すでに述べたように、ボクはこのピアノの購入を勧めない。(きわめて婉曲な表現です。)まず鍵盤の沈み込みについて。ポーンと鍵盤を押したとき、その沈み込む距離は、10㎜+-0,5㎜ と決まっている。このピアノの場合は13㎜ であった。ダウン・ウェイト、つまりペダルを踏んだ状態で鍵盤に分銅(weight)を載せた場合、52g で鍵盤が沈むようになっていなければならない。このピアノの場合、45g、55gなどバラバラだった。アップ・ウェイト、つまりペダルを踏んだ状態で鍵盤に分銅を載せた場合、25g で、鍵盤が自然に起き上がらなければならない。ところがこのピアノの場合、ある黒鍵は分銅をいくら載せても鍵盤が起き上がる。N氏がもってきた分銅全部、55g つまり規程の倍以上を載せても、鍵盤が起き上がる。それだけ後方の重り(鉛)が多量に組み込まれているわけだ。したがってピアニストは、通常以上の力で打弦しなければならない。
そして打弦距離、すなわちハンマーから弦までの距離。説によって多少のバラツキがあるけれども、46mm~48mm というのが標準である。このピアノでは、高音部が44mm、低音部は41mm であった(N氏の正式な測定による)。これでは、もはやピアノとはいえない。ただ杓子定規に規範の数値に一致しないからではない。たとえば沈み込み10㎜ というのは、連打する場合の鍵盤の戻る距離、時間も関係するし、もちろんアップ・ウェイトの25gというのも関係する。スケールを弾く場合、和音が移行する場合、鍵盤の角で指を痛めることのないようにという配慮もある。長年の蓄積による数値なのだ。

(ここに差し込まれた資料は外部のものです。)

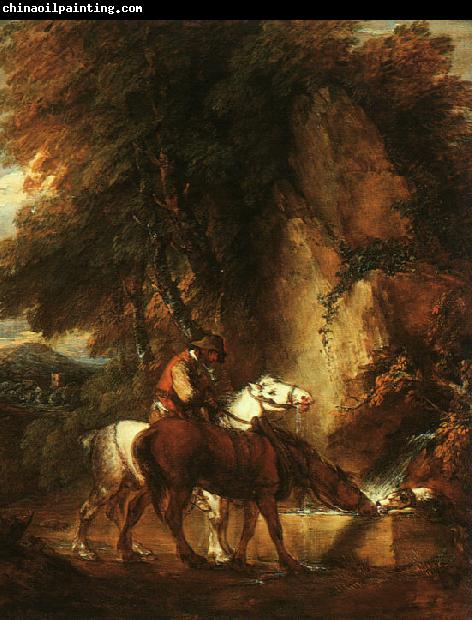 Thomas Gainsborough Wooded Landscape with Mounted Drover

3.鉛の入れ替え。すでにみたように、このピアノの鍵盤には多量の鉛が組み込まれている。鍵盤のバランスが5:3という異常な比率なので、キャプスタンに伝わる角速度の不足を補うために、打弦距離を短くし、鉛を多くして強い力で鍵盤を叩かせるようにしたと思われる。鍵盤の沈み込みが13㎜ になっているのも、力点を深くして、作用点に強く力を伝えようという魂胆から。つまりまるっきりデタラメなのではなくて、バランスレールの不適切な位置をそのままにして、あちこち姑息な弥縫策を講じているわけだ。N氏は、バランスレールを新規に設置し、5:4の比率に改めたので以前の鉛を取り出し、木材で埋め、あらたに日本製の鉛を埋めて、ダウン・ウェイト50g 、アップ・ウェイト25g に修正した。
左は修正前の鍵盤と鉛。この木材の反対側は、穴の上下の木部が剥がれていた。通常、重りを入れる穴は(日本では)半分ドリルで開けたら、裏返して反対側から開けて、綺麗な穴にする。アメリカ人は、一気にドリルで反対側までぶち抜くのである。しかもその穴に直接、溶けた鉛を注入する。日本では、単位としての小さな鉛が用意されていて、それを位置を測りながら埋め込んでゆく。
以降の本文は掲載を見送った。